[Material shown — start]

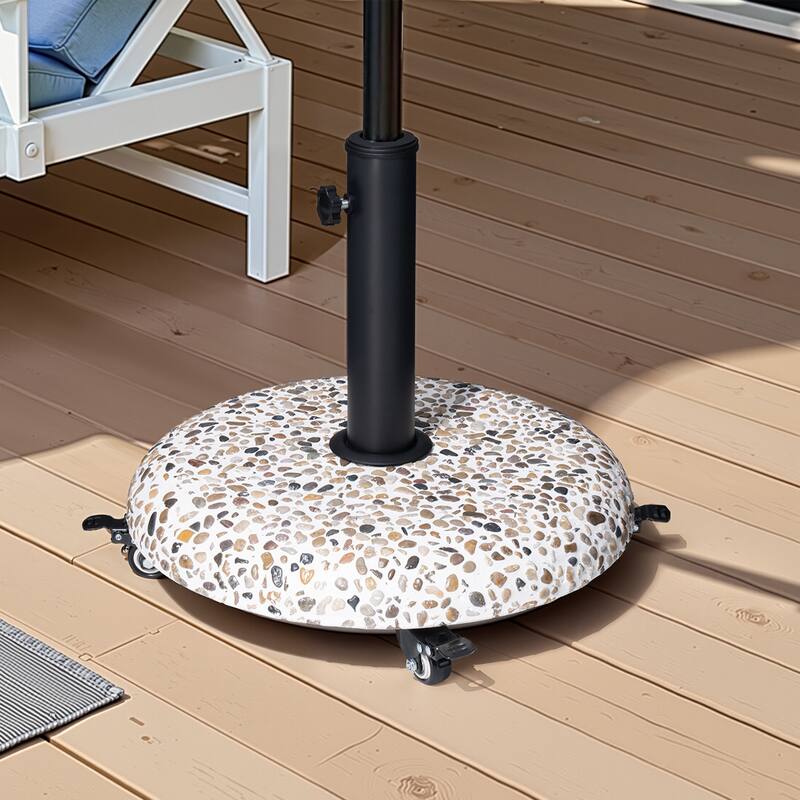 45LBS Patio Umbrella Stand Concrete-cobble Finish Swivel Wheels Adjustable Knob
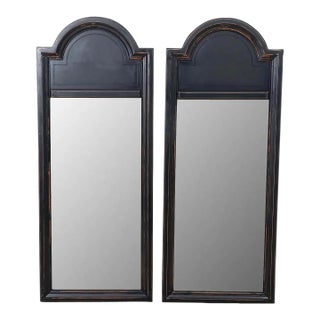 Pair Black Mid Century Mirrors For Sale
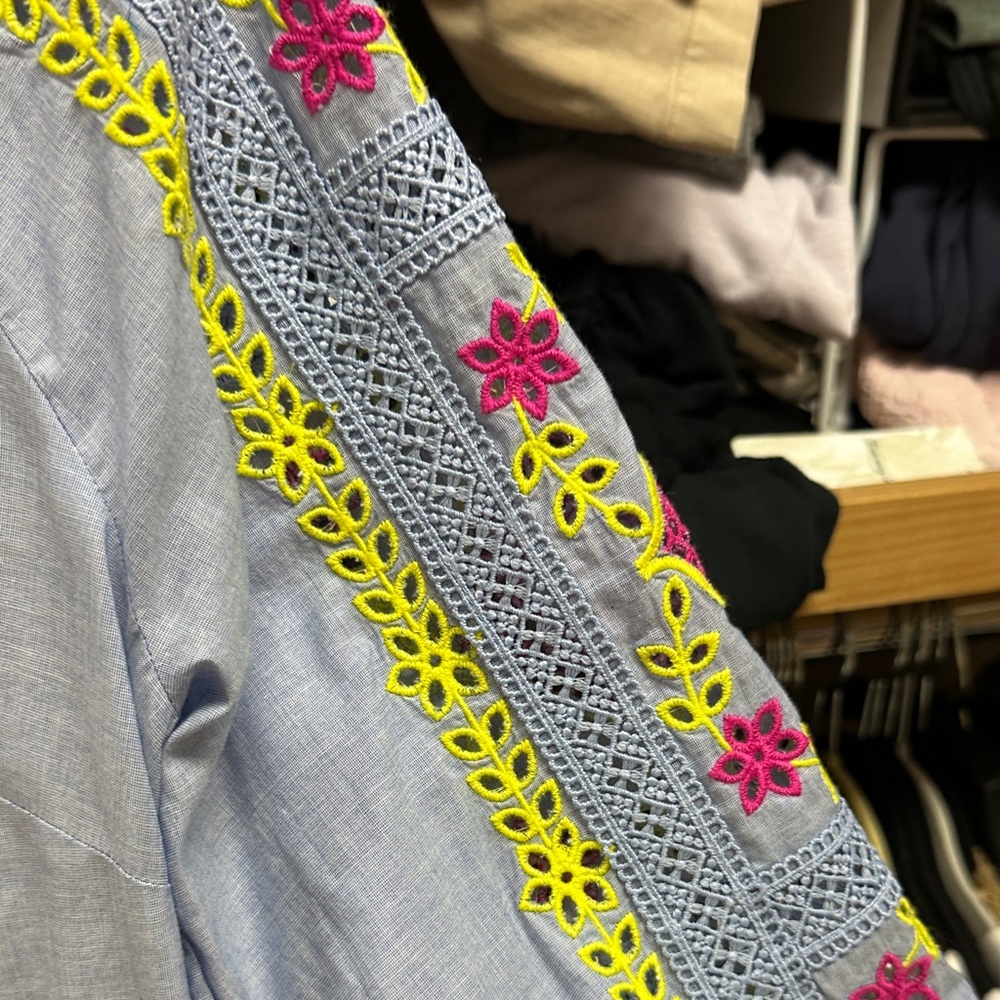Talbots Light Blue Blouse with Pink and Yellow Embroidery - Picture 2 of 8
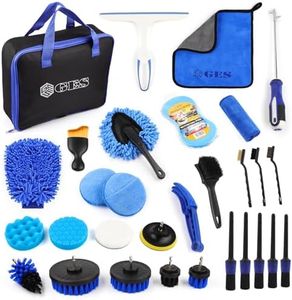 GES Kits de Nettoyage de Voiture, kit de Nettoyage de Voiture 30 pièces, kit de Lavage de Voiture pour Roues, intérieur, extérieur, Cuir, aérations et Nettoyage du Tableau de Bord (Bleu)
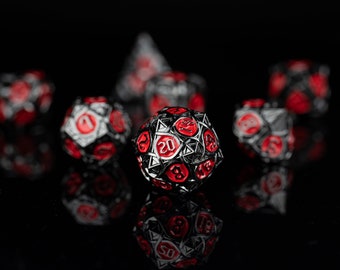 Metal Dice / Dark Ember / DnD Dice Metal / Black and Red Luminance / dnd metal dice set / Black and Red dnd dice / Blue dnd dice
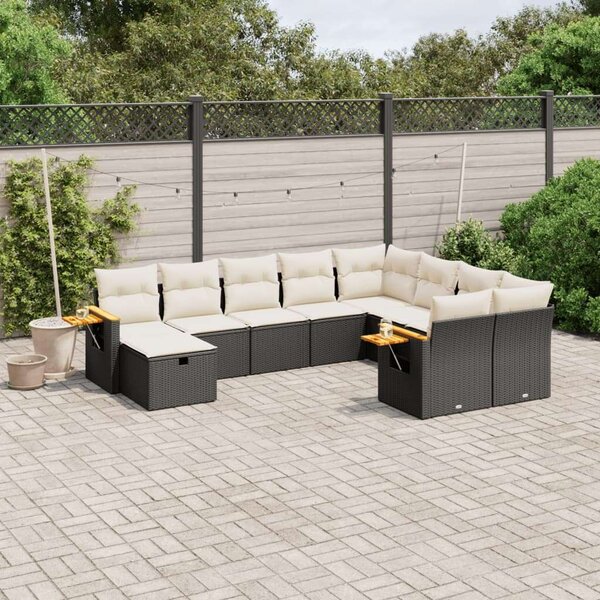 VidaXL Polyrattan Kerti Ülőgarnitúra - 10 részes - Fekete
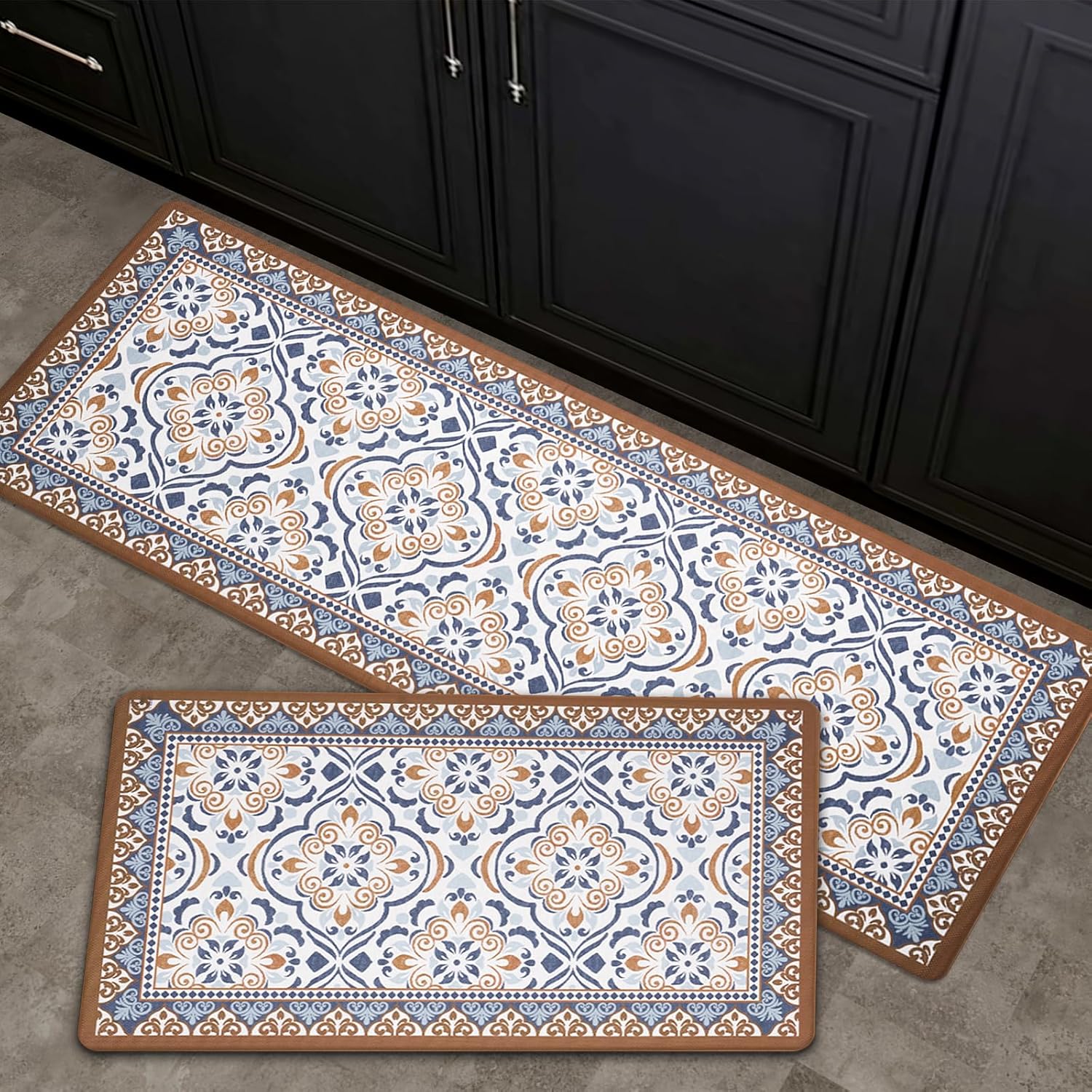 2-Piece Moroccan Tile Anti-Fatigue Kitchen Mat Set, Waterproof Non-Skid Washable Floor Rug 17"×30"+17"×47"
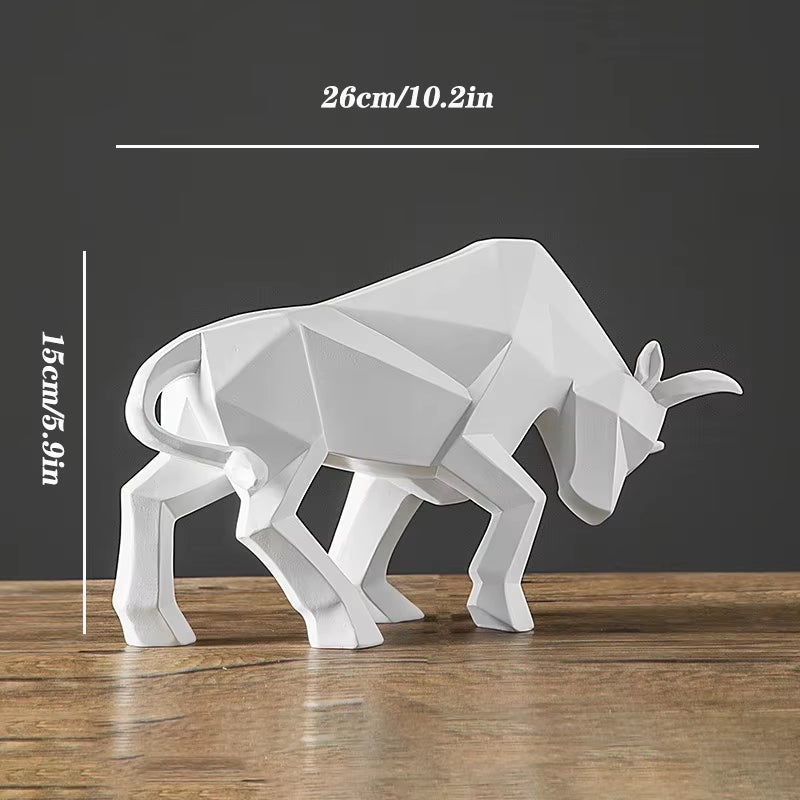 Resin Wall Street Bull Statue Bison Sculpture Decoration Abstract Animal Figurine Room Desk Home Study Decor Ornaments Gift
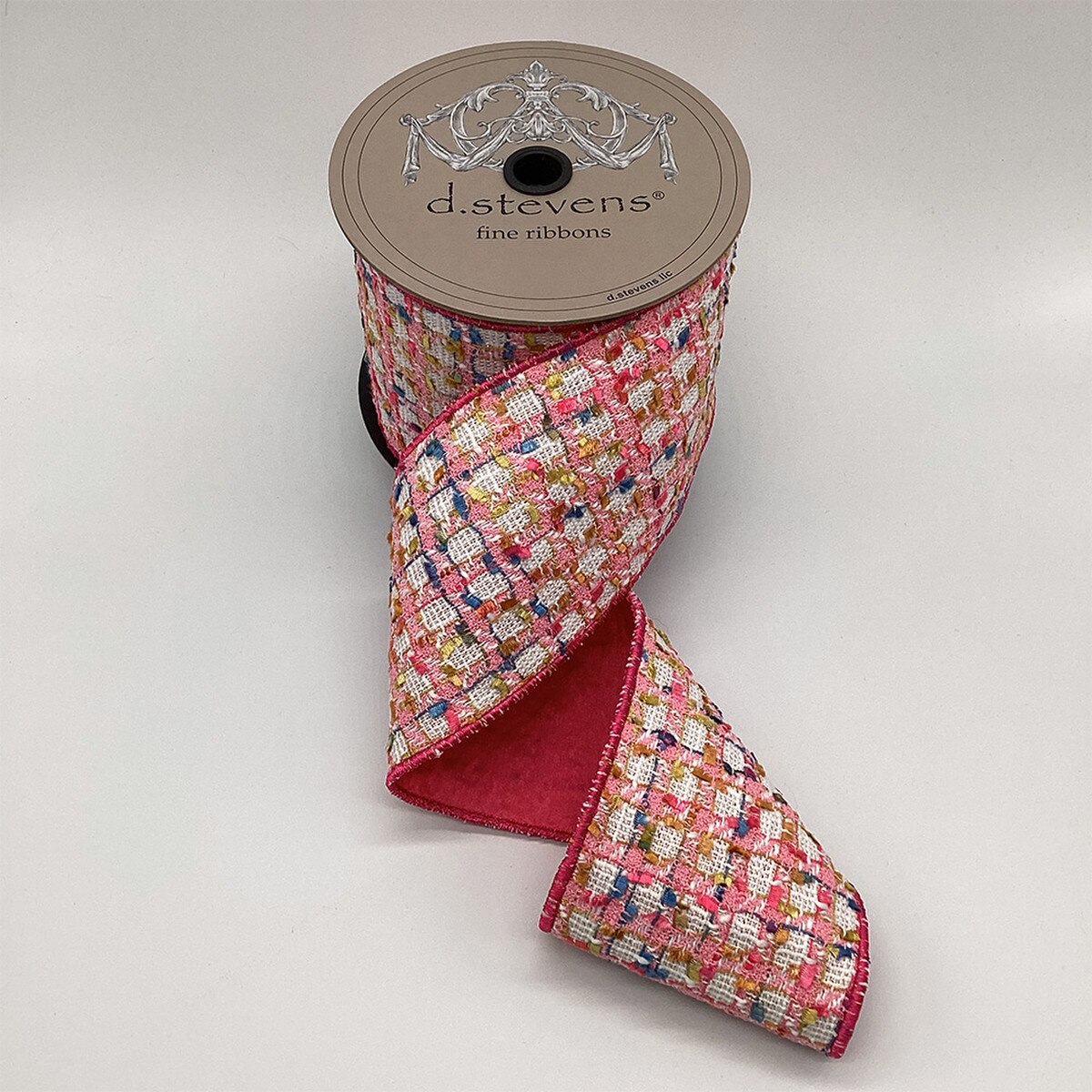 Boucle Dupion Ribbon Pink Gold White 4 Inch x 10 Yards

[Material shown — finish]

* Problem requirements *
Transcribe the lines above exactly, beginning at the one with "Metal Dice /" and ending at the one with "Resin Wall Street". Include both; exclude the pictures.

* Result for this task *
 Metal Dice / Dark Ember / DnD Dice Metal / Black and Red Luminance / dnd metal dice set / Black and Red dnd dice / Blue dnd dice
 VidaXL Polyrattan Kerti Ülőgarnitúra - 10 részes - Fekete
 2-Piece Moroccan Tile Anti-Fatigue Kitchen Mat Set, Waterproof Non-Skid Washable Floor Rug 17"×30"+17"×47"
 Resin Wall Street Bull Statue Bison Sculpture Decoration Abstract Animal Figurine Room Desk Home Study Decor Ornaments Gift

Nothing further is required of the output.